■ WHAT IS NEEDED ■
If a record holds a picture, leave the picture out and restate everything else word for word.
>>>>>
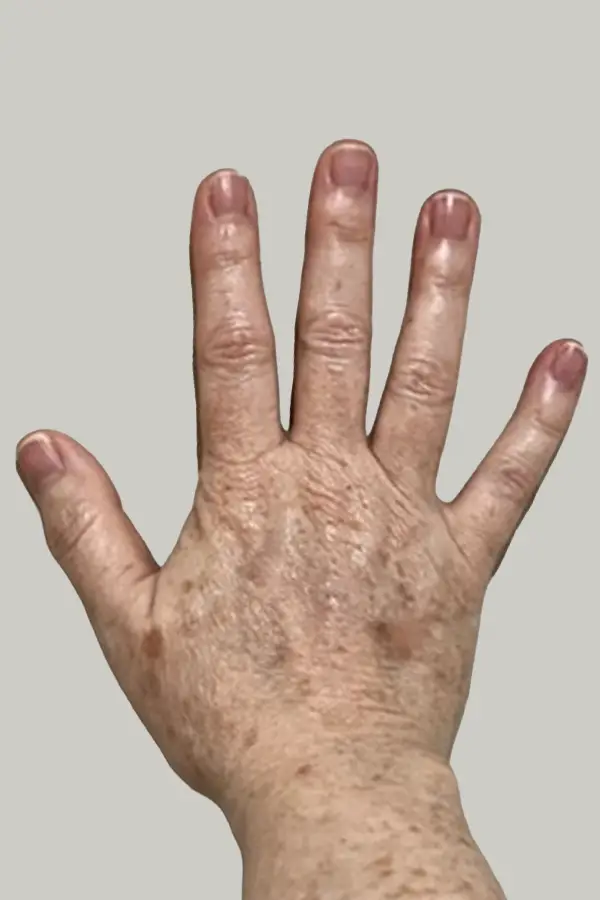 After BBL photofacial by Meredith Tucker LE at CAMI — improved sun damage and skin tone on hands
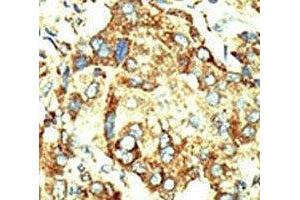 IHC analysis of FFPE human hepatocarcinoma stained with the Dnmt2 antibody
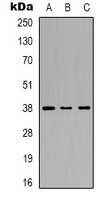 MAPK14 / p38 Antibody - Western blot analysis of p38 expression in HeLa (A); HepG2 (B); PC3 (C) whole cell lysates.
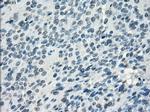 SSX2 Antibody in Immunohistochemistry (Paraffin) (IHC (P))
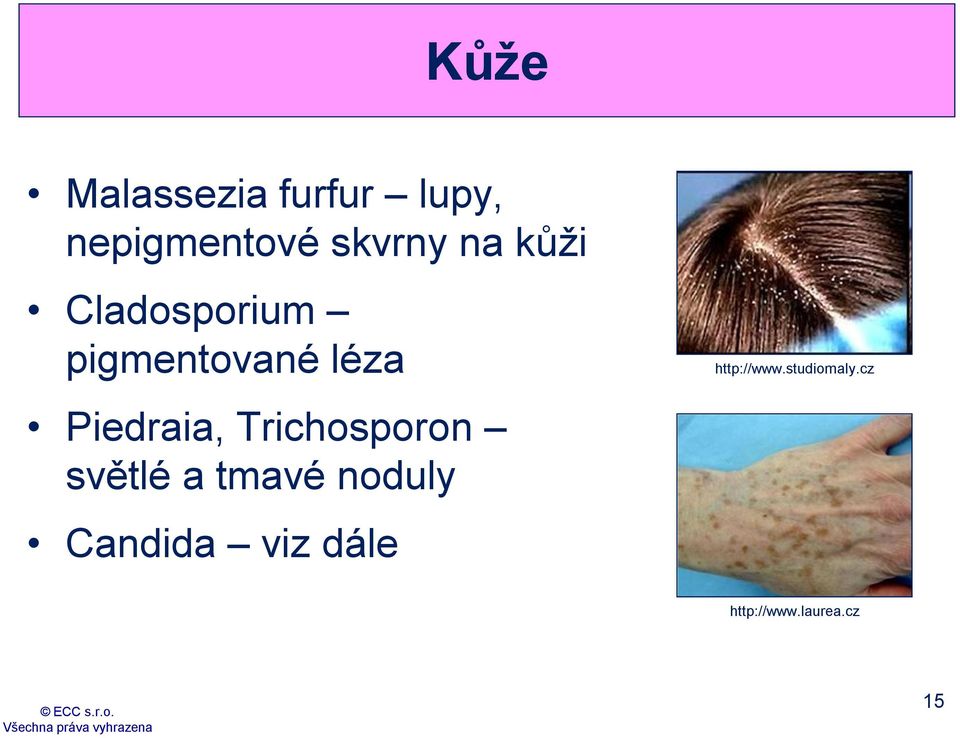 Trichosporon světlé a tmavé noduly Candida viz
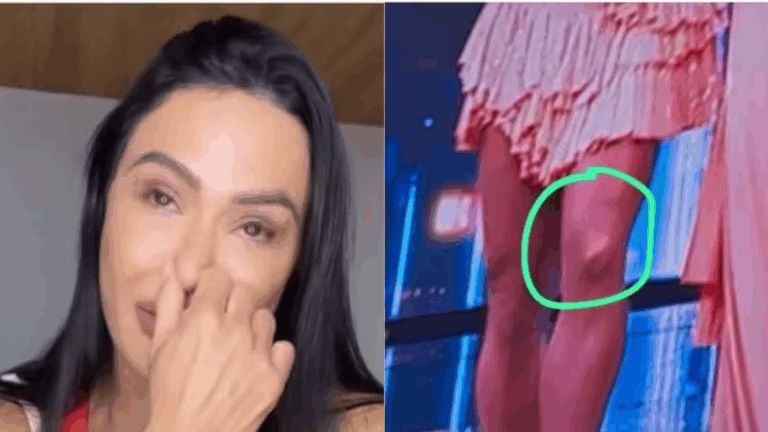 Gracyanne Barbosa cai no choro ao lembrar estalo que ouviu ao romper o tendão no joelho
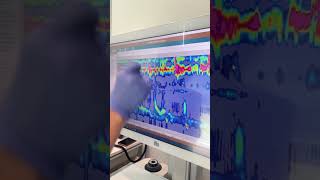 Esophageal Manometry Test with Austin Gastro November 2024 [upl. by Arit137]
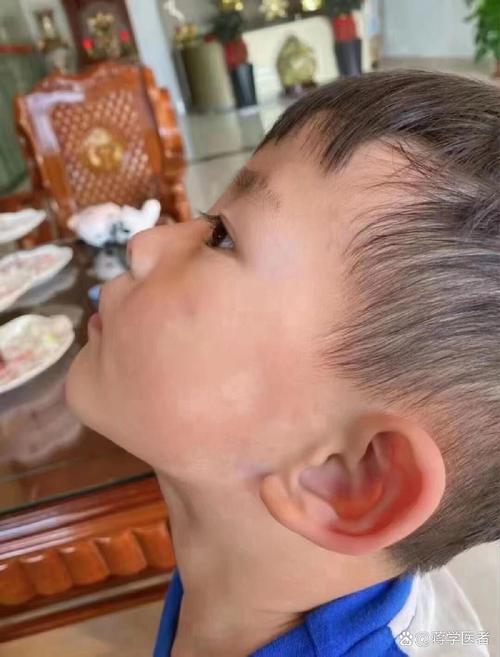 儿童面部白色糠疹白斑是缺钙还是皮肤病?需要治疗吗?-第1张图片-郑州医学网 儿童面部白色糠疹白斑是缺钙还是皮肤病?需要治疗吗?-第1张图片-郑州医学网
<<<<<
■ ANSWER BELOW ■
 After BBL photofacial by Meredith Tucker LE at CAMI — improved sun damage and skin tone on hands
 IHC analysis of FFPE human hepatocarcinoma stained with the Dnmt2 antibody
 MAPK14 / p38 Antibody - Western blot analysis of p38 expression in HeLa (A); HepG2 (B); PC3 (C) whole cell lysates.
 SSX2 Antibody in Immunohistochemistry (Paraffin) (IHC (P))
 Trichosporon světlé a tmavé noduly Candida viz
 Gracyanne Barbosa cai no choro ao lembrar estalo que ouviu ao romper o tendão no joelho
 Esophageal Manometry Test with Austin Gastro November 2024 [upl. by Arit137]
 儿童面部白色糠疹白斑是缺钙还是皮肤病?需要治疗吗?-第1张图片-郑州医学网 儿童面部白色糠疹白斑是缺钙还是皮肤病?需要治疗吗?-第1张图片-郑州医学网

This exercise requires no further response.